Cette idée de la justice médiévale reviendra dans le cycle, vu qu’Ernaut est appelé à résoudre d’autres meurtres…
Pour l’anecdote, je me suis amusé à présenter dans le récit même des contradicteurs à cette pratique, dans le monde latin, en cherchant un effet ironique quand on découvre l’alternative proposée. Je laisserai les lecteurs et lectrices le découvrir par eux-mêmes.
De façon générale, j’aimerais montrer que les notions de justice, de pouvoir pacificateur n’ont pas suivi un développement linéaire jusqu’à nos pratiques, qui seraient l’aboutissement de ces errements passés. Nos ancêtres n’étaient pas naïfs, même s’ils avaient des croyances qui nous semblent irrationnelles. Sur le long cours, je vais me servir d’Ernaut et de son parcours pour illustrer cette idée que comme aujourd’hui, il y a un aspect réflexif intense entre pratiques et analyse.

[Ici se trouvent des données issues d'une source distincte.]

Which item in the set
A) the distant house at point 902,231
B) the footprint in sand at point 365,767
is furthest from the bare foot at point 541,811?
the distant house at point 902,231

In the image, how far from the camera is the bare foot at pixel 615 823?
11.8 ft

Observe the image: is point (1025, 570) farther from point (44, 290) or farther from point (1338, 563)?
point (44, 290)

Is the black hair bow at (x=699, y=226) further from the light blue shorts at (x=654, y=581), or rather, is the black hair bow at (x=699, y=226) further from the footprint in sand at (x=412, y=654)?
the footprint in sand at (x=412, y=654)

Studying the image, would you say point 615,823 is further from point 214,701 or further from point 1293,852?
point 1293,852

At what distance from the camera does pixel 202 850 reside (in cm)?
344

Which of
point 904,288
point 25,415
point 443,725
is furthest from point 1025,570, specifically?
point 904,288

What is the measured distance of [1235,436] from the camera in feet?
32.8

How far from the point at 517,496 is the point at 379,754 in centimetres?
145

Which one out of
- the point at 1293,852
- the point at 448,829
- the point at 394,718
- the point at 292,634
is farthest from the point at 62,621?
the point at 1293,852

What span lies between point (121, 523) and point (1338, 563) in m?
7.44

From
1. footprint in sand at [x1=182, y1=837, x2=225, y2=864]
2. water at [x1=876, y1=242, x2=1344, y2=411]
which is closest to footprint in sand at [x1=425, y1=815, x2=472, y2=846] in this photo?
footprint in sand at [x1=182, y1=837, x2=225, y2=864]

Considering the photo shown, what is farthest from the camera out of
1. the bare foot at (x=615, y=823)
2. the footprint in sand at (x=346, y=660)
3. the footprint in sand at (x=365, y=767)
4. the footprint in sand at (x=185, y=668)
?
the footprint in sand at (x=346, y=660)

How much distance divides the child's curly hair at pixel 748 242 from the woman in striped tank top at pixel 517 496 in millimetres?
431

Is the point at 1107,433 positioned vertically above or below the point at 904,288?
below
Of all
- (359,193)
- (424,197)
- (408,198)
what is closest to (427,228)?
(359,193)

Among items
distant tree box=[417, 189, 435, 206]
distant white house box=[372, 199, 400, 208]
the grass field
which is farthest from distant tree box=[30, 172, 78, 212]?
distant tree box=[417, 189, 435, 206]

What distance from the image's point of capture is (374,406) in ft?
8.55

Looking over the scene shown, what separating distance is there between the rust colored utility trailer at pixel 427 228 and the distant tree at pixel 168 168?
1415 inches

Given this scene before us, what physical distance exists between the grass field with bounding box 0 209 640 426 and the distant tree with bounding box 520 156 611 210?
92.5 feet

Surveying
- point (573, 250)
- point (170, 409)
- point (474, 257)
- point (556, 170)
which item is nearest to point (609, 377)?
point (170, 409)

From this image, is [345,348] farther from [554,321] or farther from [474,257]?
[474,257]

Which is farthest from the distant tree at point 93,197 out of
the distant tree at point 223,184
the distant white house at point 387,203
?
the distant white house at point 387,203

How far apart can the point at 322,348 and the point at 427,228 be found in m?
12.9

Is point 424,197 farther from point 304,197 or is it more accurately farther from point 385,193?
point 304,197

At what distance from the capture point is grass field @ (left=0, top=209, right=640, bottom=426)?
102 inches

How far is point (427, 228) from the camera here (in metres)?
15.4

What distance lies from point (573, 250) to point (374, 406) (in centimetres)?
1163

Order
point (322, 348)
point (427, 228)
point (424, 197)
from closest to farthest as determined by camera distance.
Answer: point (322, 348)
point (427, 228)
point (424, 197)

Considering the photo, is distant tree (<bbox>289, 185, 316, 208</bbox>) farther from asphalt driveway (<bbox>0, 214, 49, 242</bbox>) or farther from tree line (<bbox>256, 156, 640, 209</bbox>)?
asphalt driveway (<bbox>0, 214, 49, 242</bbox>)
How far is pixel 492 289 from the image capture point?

Mais dis donc, au cours de cette enquête, nous rencontrons avec Ernaut toutes sortes de populations, comme se fait-il qu’on trouve une telle diversité sur un aussi petit territoire ? On ne peut pas dire que ce soit l’entente cordiale d’ailleurs, on se rend compte qu’il peut y avoir de fortes tensions entre toutes les communautés qui vivent là….

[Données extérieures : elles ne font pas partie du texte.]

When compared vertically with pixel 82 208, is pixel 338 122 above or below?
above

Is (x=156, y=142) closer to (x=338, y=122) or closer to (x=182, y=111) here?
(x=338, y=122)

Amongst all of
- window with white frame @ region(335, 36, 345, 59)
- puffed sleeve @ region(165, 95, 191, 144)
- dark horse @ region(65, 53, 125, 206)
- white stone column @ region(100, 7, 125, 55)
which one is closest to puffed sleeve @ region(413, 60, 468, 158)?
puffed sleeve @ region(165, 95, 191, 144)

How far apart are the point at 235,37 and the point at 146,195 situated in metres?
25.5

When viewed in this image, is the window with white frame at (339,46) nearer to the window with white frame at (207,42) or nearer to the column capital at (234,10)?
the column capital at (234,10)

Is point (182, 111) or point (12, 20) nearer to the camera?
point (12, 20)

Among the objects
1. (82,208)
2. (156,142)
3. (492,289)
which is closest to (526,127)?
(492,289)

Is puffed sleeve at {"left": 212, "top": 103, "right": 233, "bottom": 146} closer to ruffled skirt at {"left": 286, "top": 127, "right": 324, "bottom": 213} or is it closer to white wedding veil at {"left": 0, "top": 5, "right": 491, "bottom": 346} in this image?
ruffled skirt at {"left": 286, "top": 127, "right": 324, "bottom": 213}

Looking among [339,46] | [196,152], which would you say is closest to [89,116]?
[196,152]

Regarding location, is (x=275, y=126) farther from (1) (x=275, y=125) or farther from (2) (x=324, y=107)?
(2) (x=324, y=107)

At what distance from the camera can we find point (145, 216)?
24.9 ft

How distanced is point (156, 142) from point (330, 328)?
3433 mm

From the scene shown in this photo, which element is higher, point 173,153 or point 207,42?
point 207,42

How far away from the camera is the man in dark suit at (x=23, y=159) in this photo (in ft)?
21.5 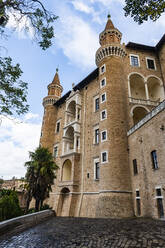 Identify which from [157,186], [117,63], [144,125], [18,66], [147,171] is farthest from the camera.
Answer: [117,63]

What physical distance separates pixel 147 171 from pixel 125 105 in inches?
342

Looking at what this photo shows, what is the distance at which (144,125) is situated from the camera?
48.5ft

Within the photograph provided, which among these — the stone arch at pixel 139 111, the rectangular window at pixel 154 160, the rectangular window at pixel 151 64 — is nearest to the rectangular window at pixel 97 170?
the stone arch at pixel 139 111

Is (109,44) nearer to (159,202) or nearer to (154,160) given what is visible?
(154,160)

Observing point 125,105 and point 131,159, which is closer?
point 131,159

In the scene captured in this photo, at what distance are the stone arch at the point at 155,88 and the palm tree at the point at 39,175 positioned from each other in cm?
1593

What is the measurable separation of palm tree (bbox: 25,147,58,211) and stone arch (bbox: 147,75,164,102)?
15.9m

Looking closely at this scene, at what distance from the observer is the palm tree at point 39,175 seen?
17391 mm

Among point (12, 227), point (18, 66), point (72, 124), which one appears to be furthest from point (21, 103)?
point (72, 124)

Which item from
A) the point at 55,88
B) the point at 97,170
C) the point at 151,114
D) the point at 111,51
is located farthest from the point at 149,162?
the point at 55,88

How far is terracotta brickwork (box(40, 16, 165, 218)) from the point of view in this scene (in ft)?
46.9

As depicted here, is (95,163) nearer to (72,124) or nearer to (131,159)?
(131,159)

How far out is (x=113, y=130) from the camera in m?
18.4

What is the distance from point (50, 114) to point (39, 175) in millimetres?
16803
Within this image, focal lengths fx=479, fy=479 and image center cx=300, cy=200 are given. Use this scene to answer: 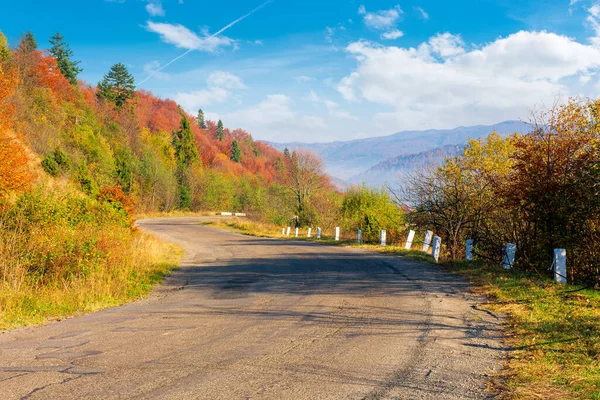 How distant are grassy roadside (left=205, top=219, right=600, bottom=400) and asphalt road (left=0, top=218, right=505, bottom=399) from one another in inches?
11.9

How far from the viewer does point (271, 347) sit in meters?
5.71

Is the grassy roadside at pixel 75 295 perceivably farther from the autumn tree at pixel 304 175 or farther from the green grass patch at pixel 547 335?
the autumn tree at pixel 304 175

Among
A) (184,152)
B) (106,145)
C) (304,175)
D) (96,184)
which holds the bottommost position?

Le territoire où se déroulent les enquêtes est au croisement de nombreuses cultures et populations, depuis des millénaires, l’actualité malheureusement nous le rappelle régulièrement avec des événements violents.
La situation n’était pas plus simple voilà 800 ans et, pour coexister, les populations ne s’appréciaient pas pour autant. Cela allait le plus souvent de l’ignorance froide à la franche hostilité. L’arrivée des colons latins s’inscrit dans un mouvement régulier d’arrivées exogènes, qui venaient s’agréger à l’existant, pour finir en un patchwork avec peu de mélanges. Cette tendance humaine ne provient pas forcément d’un rejet de l’autre, mais plutôt d’une préférence envers ce qui nous ressemble. C’est magnifiquement expliqué dans la parabole des polygones.
Au travers des récits Hexagora , et pas seulement dans les enquêtes d’Ernaut, j’ai eu envie de présenter la société dans sa complexité, et pas comme un univers manichéen, avec d’un côté les Croisés et de l’autre les Musulmans. C’est un choix politique assumé.

Le tome 2, disponible chez Framabook.

Tiens en parlant de choix politique, où en es-tu avec tes publications chez Framabook ? Les deux premiers tomes étaient des rééditions et surtout des « libérations », mais celui-ci est inédit et tu le mets directement en licence libre dès sa première publication ?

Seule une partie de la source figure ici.